| DATA EXCERPTS |
Content starts

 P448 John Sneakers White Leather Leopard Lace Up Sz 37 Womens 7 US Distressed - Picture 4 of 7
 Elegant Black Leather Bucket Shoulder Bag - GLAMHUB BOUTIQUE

Content ends
Content starts

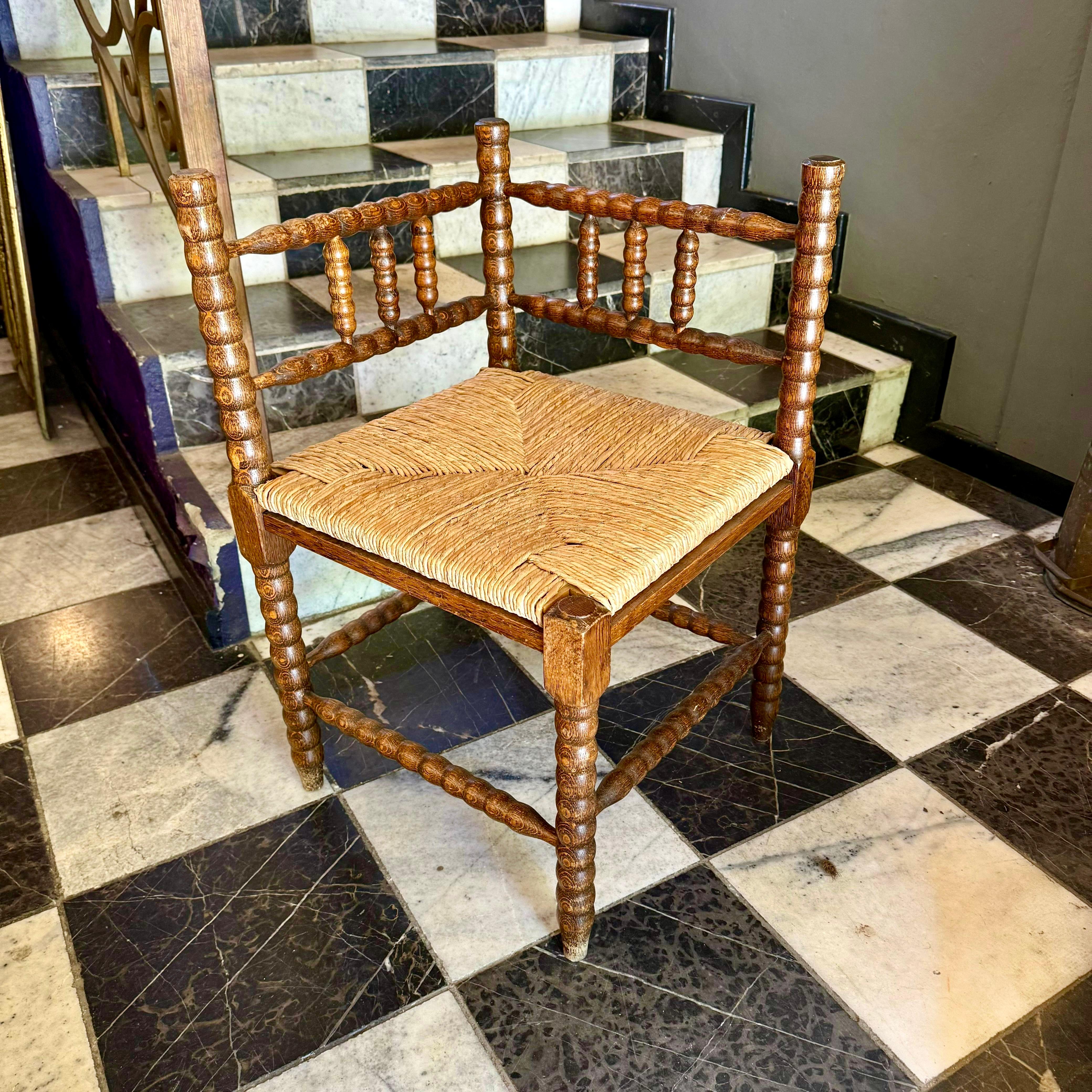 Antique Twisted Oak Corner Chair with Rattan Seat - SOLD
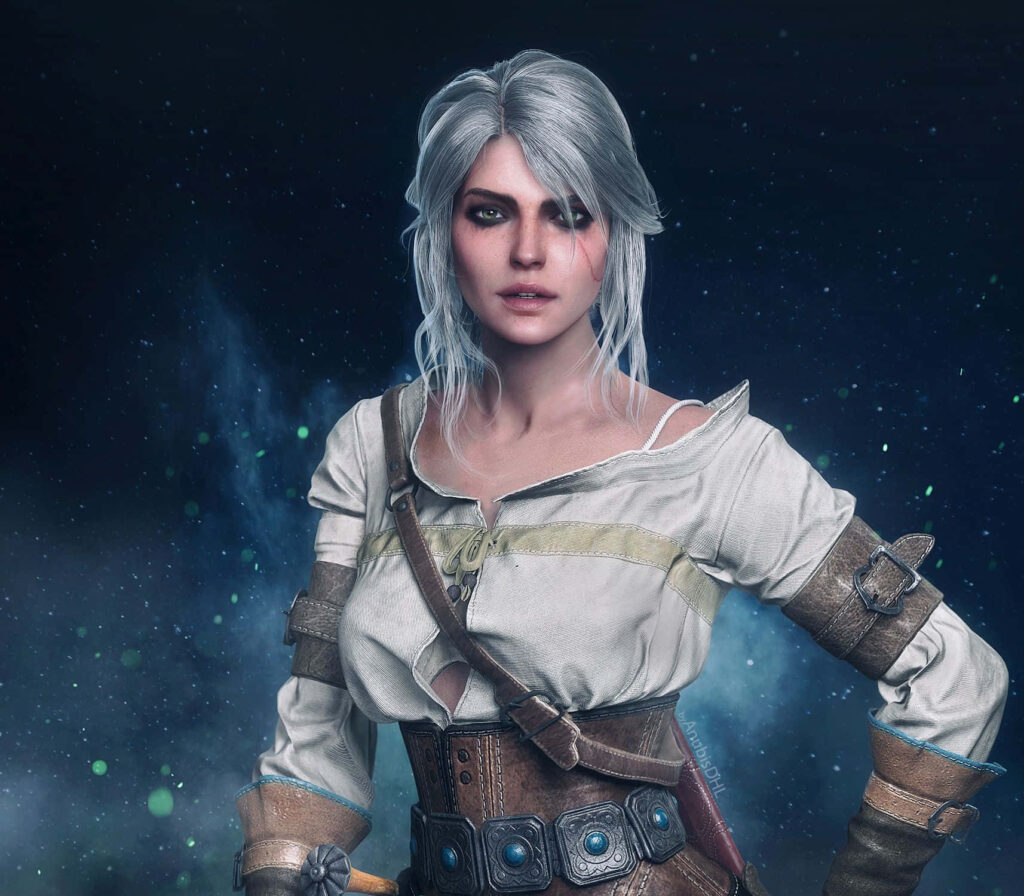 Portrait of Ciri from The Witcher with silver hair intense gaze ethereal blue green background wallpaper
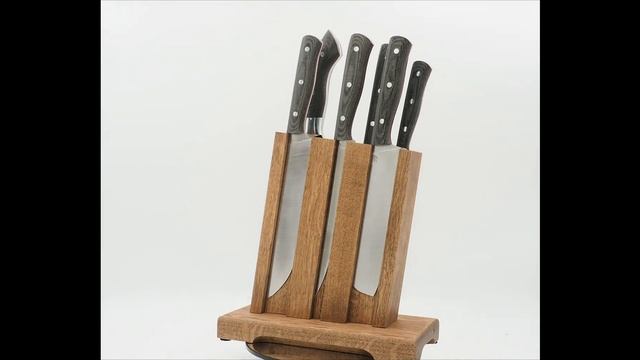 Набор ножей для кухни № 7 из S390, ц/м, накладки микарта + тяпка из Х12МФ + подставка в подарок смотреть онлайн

Content ends

| PROBLEM TO WORK ON |
The reply should hold only the lines of the listing above starting at the line containing "P448 John Sneakers" and ending at the line containing "Elegant Black Leather", exactly as written.

| ANSWER |
 P448 John Sneakers White Leather Leopard Lace Up Sz 37 Womens 7 US Distressed - Picture 4 of 7
 Elegant Black Leather Bucket Shoulder Bag - GLAMHUB BOUTIQUE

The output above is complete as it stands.